Escrevi um poema... isto é, penso que escrevi; afinal, o que é um poema... nada.
E agora, olhando o cerne da alma da Rua, concluo que tudo, inclusive um poema, é coisa à toa mesmo, e que as janelas são feitas para aerações de atoices, de poemas, e para a gente contemplar as coisas que acabaram de passar... tantas são as coisas que passam pela Rua! Até um inocente como eu sabe que o passar é próprio da natureza das ruas...
Mas o que eu ia dizendo... O poema já está escrito; abro a janela, e, com as mãos esquecidas uma da outra, mas com alguma esperança, deixo-o cair na rua; vejo o vento levá-lo até ali, depois para lá... vem gente na rua, pisa nele, e sem se deter para ler, chuta para a sarjeta.
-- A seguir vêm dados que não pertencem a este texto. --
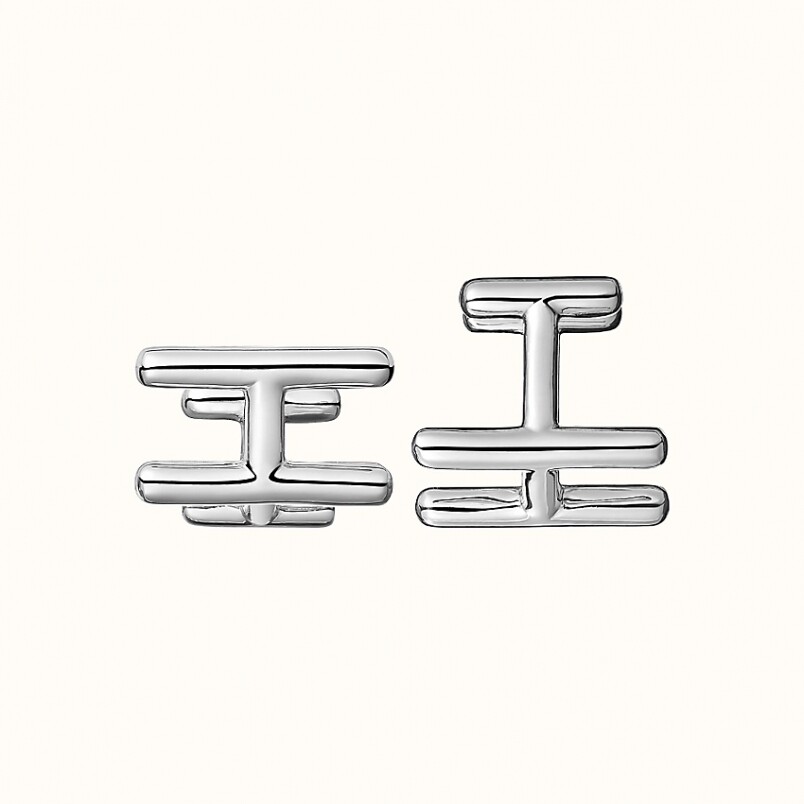 Hermès H2 cufflinks HK$4,100 Hermès H2 cufflinks HK$4,100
Logo, mais outra lufada de vento, e o poema vira papel caído na grama; vem o gari, com seu espeto diabólico, e dá a conta final dele.
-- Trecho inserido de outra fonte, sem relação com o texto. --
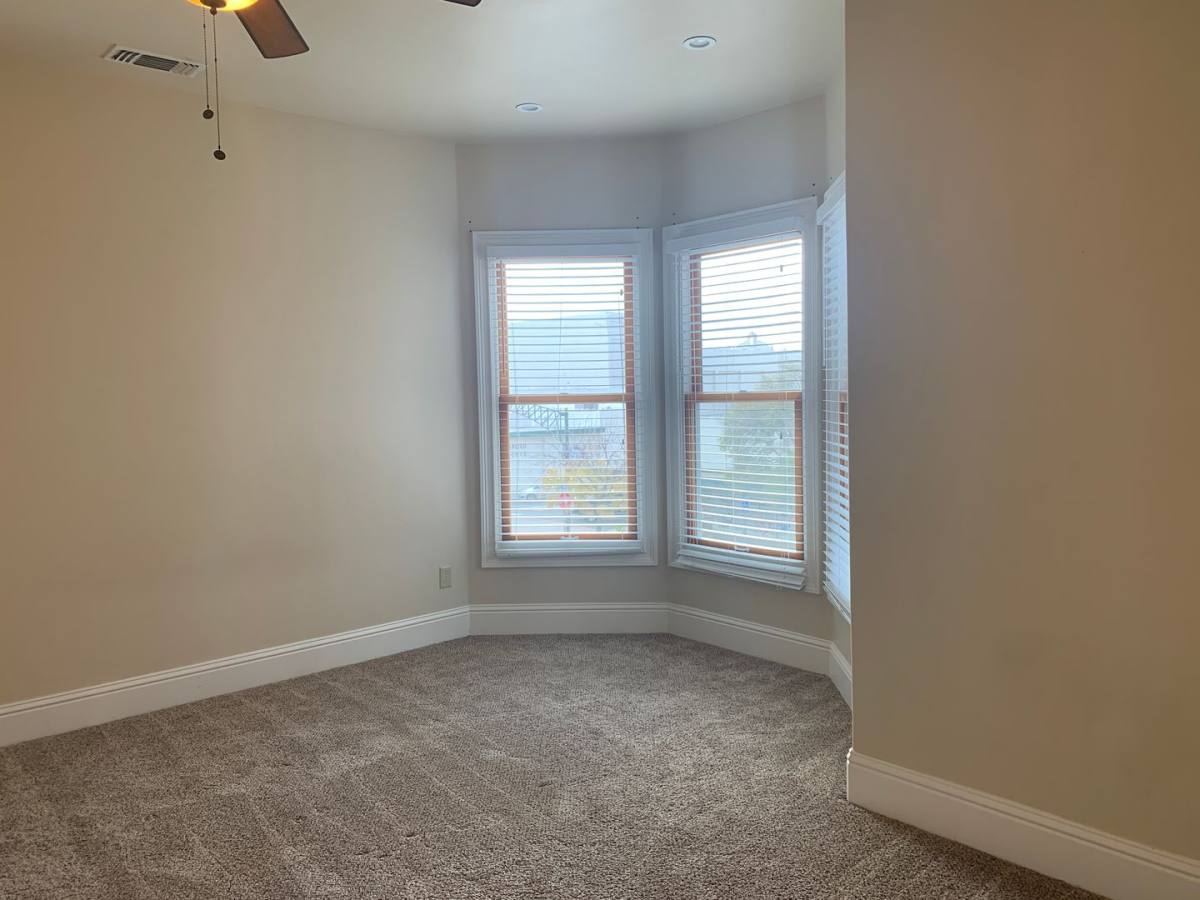 Apartment for rent at 611 D St, Marysville, CA 95901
Antes que isto aconteça, eu pergunto: será que, em vez de alimentar esperanças, eu posso fingir que esqueci o meu poema na porta [da rua] da sua casa? Ou quem sabe, na mesinha de canto do consultório médico onde você vai hoje à tardinha (sei que vai; agora, virou moda ir frequentemente ao médico), ou no caixa eletrônico do Banco? Posso esquecer meu poema com você? Posso esquecer-me de mim, com você? Posso? Não vai chutar-me para a sarjeta da Rua do Esquecimento?
E agora? Se tudo, mas tudo mesmo, até os amores da vida gente, passa pela Rua do Esquecimento, por que o cometimento de um poema? Quem é esse sujeito — o poeta? Por que não o prendem por excesso inutilidade, ou por exagero de flanação? Um reles flaneur, o poeta?!
Sim, eu sei que posso fazer melhor que isto aí... posso sim — mas para quê... A Rua do Esquecimento não merece uma sofisticação em forma de poema! Ou merece? Fundamental é registrar... registrar... registrar o passar da Rua — e nada mais!